Each entry below is to be transcribed exactly.

+++

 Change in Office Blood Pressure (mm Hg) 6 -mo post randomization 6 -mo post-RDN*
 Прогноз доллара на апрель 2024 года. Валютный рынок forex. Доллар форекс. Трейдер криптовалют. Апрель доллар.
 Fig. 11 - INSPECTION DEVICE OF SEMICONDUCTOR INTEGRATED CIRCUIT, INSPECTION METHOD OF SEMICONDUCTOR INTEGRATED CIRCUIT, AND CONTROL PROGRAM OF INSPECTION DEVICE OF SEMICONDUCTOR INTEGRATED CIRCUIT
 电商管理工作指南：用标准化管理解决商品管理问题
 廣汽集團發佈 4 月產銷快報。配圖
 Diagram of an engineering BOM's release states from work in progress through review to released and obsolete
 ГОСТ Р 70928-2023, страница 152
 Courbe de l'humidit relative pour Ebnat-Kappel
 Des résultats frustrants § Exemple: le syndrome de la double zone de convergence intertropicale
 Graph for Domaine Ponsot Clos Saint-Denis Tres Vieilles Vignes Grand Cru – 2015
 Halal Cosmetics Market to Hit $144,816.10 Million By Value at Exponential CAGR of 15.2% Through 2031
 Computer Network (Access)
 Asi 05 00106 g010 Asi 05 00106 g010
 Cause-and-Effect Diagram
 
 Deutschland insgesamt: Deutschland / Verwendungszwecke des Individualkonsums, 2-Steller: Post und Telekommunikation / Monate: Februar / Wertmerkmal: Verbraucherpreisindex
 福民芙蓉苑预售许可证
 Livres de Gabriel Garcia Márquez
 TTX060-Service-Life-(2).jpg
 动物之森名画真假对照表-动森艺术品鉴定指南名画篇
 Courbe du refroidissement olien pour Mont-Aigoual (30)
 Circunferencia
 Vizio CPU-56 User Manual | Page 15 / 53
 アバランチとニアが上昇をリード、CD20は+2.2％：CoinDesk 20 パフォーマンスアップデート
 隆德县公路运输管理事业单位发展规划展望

+++

### WRITTEN ANSWER:
 Change in Office Blood Pressure (mm Hg) 6 -mo post randomization 6 -mo post-RDN*
 Прогноз доллара на апрель 2024 года. Валютный рынок forex. Доллар форекс. Трейдер криптовалют. Апрель доллар.
 Fig. 11 - INSPECTION DEVICE OF SEMICONDUCTOR INTEGRATED CIRCUIT, INSPECTION METHOD OF SEMICONDUCTOR INTEGRATED CIRCUIT, AND CONTROL PROGRAM OF INSPECTION DEVICE OF SEMICONDUCTOR INTEGRATED CIRCUIT
 电商管理工作指南：用标准化管理解决商品管理问题
 廣汽集團發佈 4 月產銷快報。配圖
 Diagram of an engineering BOM's release states from work in progress through review to released and obsolete
 ГОСТ Р 70928-2023, страница 152
 Courbe de l'humidit relative pour Ebnat-Kappel
 Des résultats frustrants § Exemple: le syndrome de la double zone de convergence intertropicale
 Graph for Domaine Ponsot Clos Saint-Denis Tres Vieilles Vignes Grand Cru – 2015
 Halal Cosmetics Market to Hit $144,816.10 Million By Value at Exponential CAGR of 15.2% Through 2031
 Computer Network (Access)
 Asi 05 00106 g010 Asi 05 00106 g010
 Cause-and-Effect Diagram
 
 Deutschland insgesamt: Deutschland / Verwendungszwecke des Individualkonsums, 2-Steller: Post und Telekommunikation / Monate: Februar / Wertmerkmal: Verbraucherpreisindex
 福民芙蓉苑预售许可证
 Livres de Gabriel Garcia Márquez
 TTX060-Service-Life-(2).jpg
 动物之森名画真假对照表-动森艺术品鉴定指南名画篇
 Courbe du refroidissement olien pour Mont-Aigoual (30)
 Circunferencia
 Vizio CPU-56 User Manual | Page 15 / 53
 アバランチとニアが上昇をリード、CD20は+2.2％：CoinDesk 20 パフォーマンスアップデート
 隆德县公路运输管理事业单位发展规划展望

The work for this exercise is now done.